Becoming a Popstar, as Amira describes, is different from other music competition shows we’ve all come to know over the years. “Well, first of all, it’s all original music. There’s not a single cover,” she says. “We have to write these songs in like a day or two and then meet with our producers, meet with our directors. Every week, we are producing a full project for people to vote on and decide if they’d listen to it on the radio.”

To make sure her deaf/HOH audiences can feel her songs, she makes sure to “add more bass, guitar, and violin in unique patterns.” She also incorporates “higher pitch sounds with like chimes, bells, and piccolo,” because, she says, they’re easier to feel. “But it’s less about the kind of instrument and more about how I arrange the pattern of the song. Everything I do is to create an atmosphere, a sensation, to make my music a multi-sensory experience.”

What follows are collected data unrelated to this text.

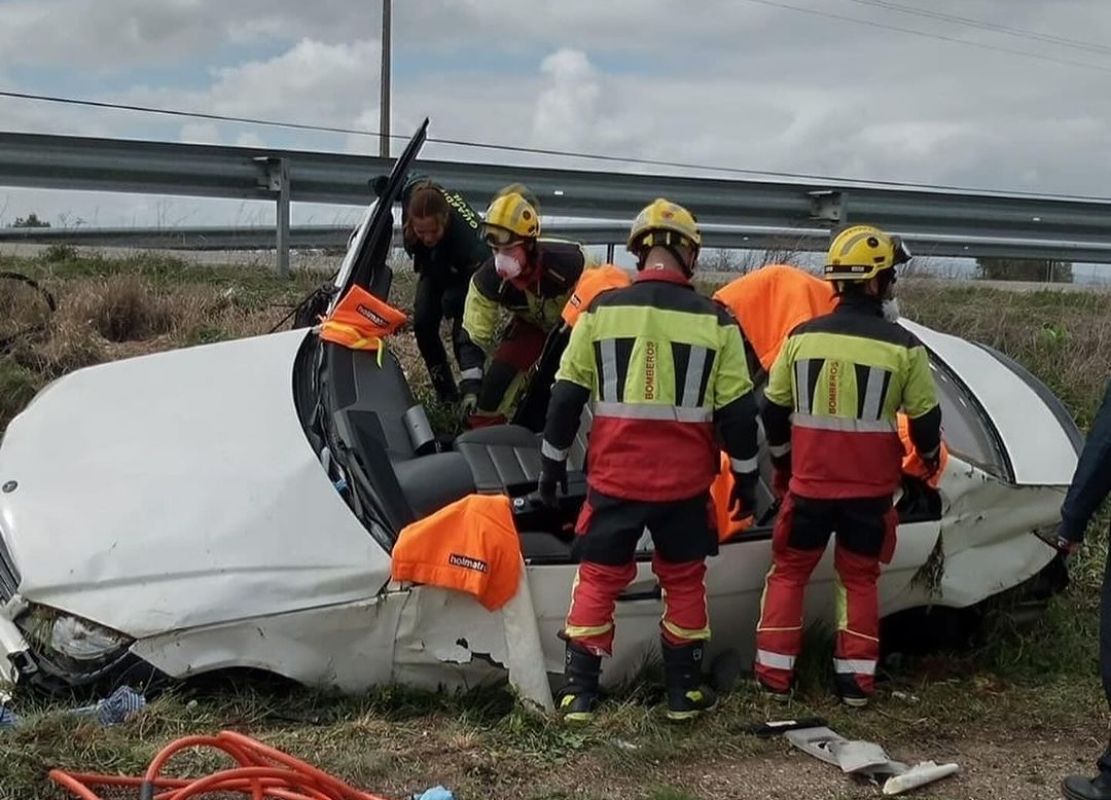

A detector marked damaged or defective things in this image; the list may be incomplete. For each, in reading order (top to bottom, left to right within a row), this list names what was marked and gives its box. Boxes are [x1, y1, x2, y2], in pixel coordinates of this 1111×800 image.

white wrecked car [0, 121, 1079, 711]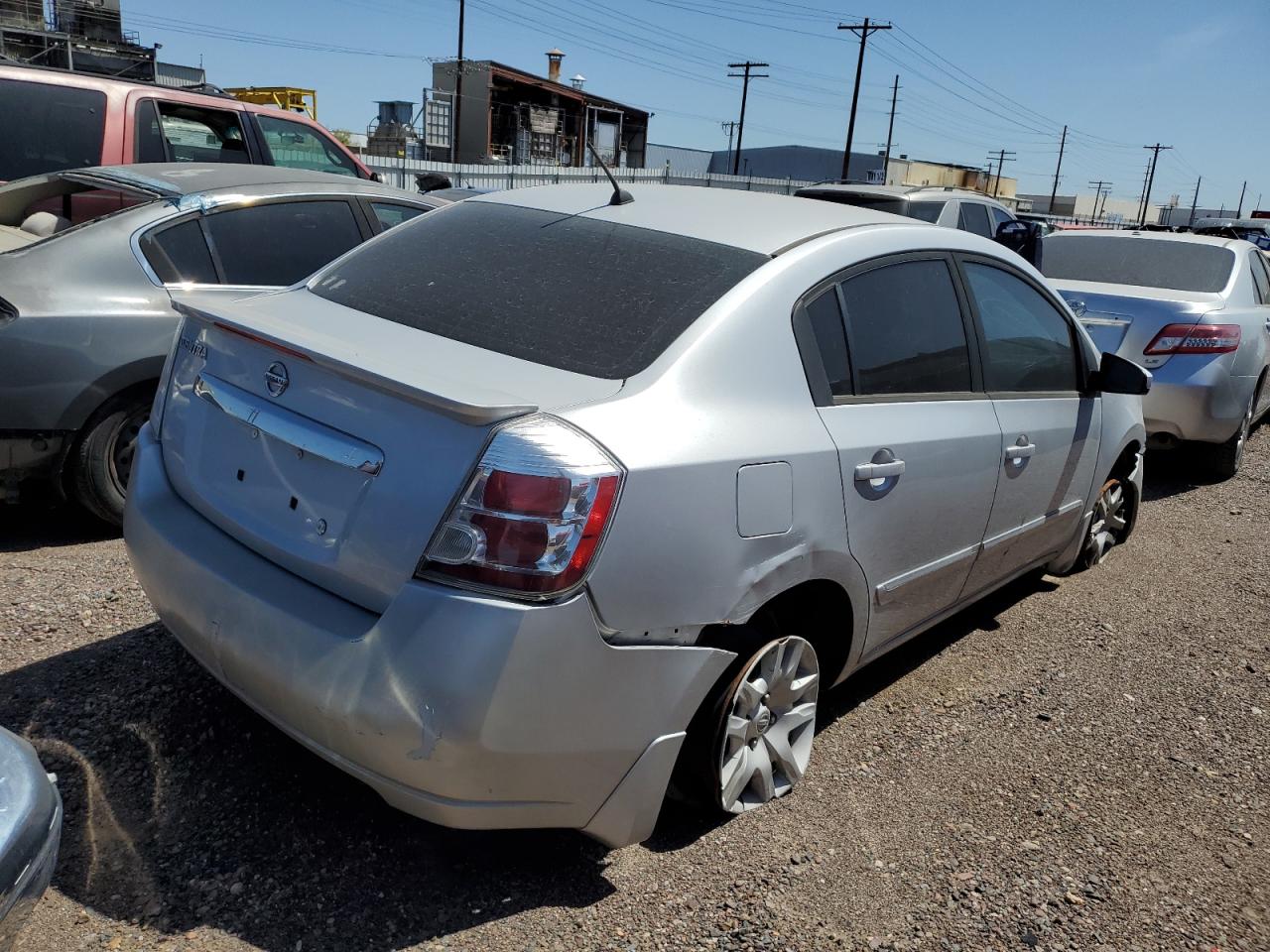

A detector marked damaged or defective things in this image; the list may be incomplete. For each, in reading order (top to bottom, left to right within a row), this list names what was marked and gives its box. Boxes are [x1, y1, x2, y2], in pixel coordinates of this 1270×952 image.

damaged rear bumper [126, 428, 734, 845]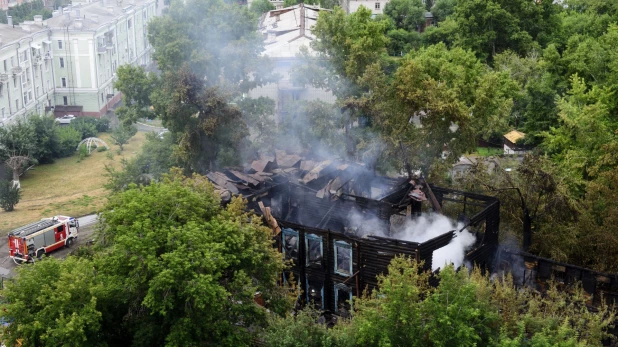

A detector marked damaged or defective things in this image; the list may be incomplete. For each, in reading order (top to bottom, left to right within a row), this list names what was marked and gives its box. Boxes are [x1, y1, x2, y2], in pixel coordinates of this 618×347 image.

charred window frame [282, 230, 298, 262]
window opening in burnt wall [282, 230, 298, 262]
charred window frame [304, 235, 322, 268]
window opening in burnt wall [304, 235, 322, 268]
window opening in burnt wall [332, 241, 352, 276]
charred window frame [332, 242, 352, 278]
burned building [207, 152, 500, 312]
charred window frame [306, 278, 324, 310]
window opening in burnt wall [306, 278, 324, 310]
charred window frame [332, 284, 352, 314]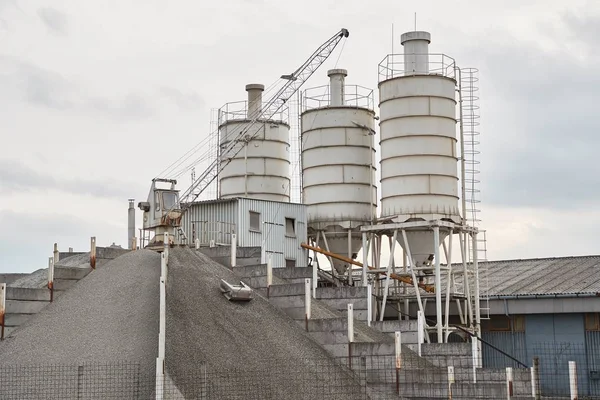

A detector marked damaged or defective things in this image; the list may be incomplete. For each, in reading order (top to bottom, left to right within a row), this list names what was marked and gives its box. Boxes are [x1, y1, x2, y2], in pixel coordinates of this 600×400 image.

rusty metal support [302, 242, 434, 292]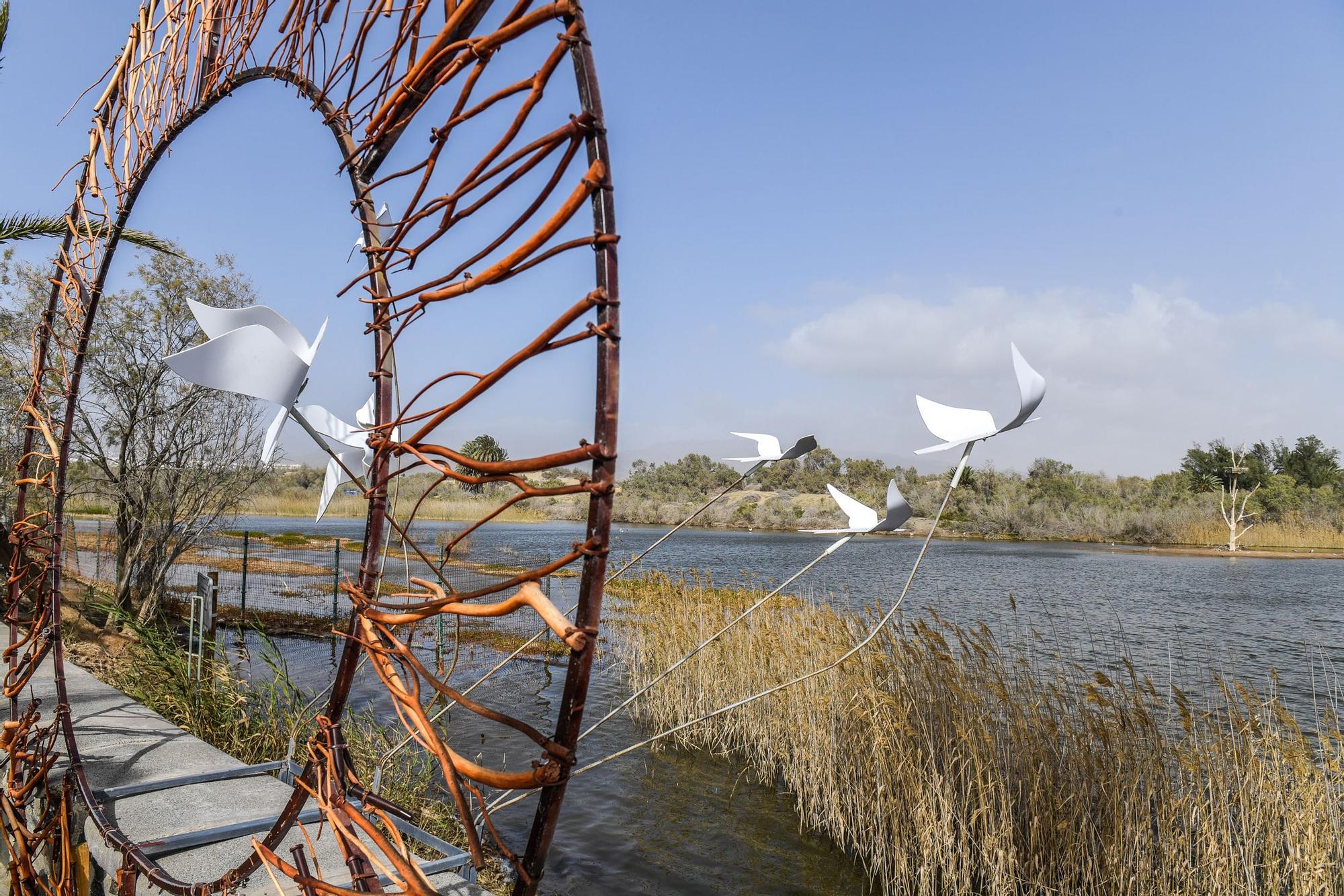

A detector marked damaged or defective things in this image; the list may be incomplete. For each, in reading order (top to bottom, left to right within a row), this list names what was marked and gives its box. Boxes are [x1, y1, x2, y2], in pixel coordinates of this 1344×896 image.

She says that working alongside the judges–pop stars Joe Jonas and Becky G, and choreographer Sean Bankhead – has helped expand her artistry. “Joe was really more about the vocal quality and the timber and Becky was really about the passion of [the song] and being convinced this was something you believed in,” she says. “And what was really great about [our choreographer] Sean is that obviously he’s a choreographer to the stars – Lil Nas X, Normani – but he didn’t only focus on choreo, he focused on stage presence, he focused on the overall message of the song. And I think all those critiques week to week helped us hone in on what we wanted to be saying with our next song.”

As her star rises, it’s been both her Muslim faith and her friends, whom she calls “The Glasses Gang” (“because none of us can see!”), that continue to ground her. “The Muslim and the Muslima community have really gone hard [supporting me] and all these people have come together and I truly appreciate them,” Amira says. “I have just been flooded with DMs and emails and texts from [young muslim kids] people who have just been so inspired,” she says. “People who have said they have never seen anything like this, that I embody a lot of the style that they wanted to see and that the message hit them, which is really the most important thing to me.”

A Black woman wears a long, salmon pink hijab, black outfit and pink boots, smiling down at the camera with her arm outstretched to it.

Amira Unplugged

Amira Unplugged / MTV

Throughout the show’s production, she was able to continue to uphold her faith practices with the help of the crew, such as making sure her food was halal, having time to pray, dressing modestly, and working with female choreographers. “If people can accept this, can learn, and can grow, and bring more people into the fold of this industry, then I’m making a real difference,” she says.

Though she didn’t win the competition, this is only the beginning for Amira. Whether it’s on Becoming a Popstar or her videos online, Amira has made it clear she has no plans on going anywhere but up. “I’m so excited that I’ve gotten this opportunity because this is really, truly what I think I’m meant to do.”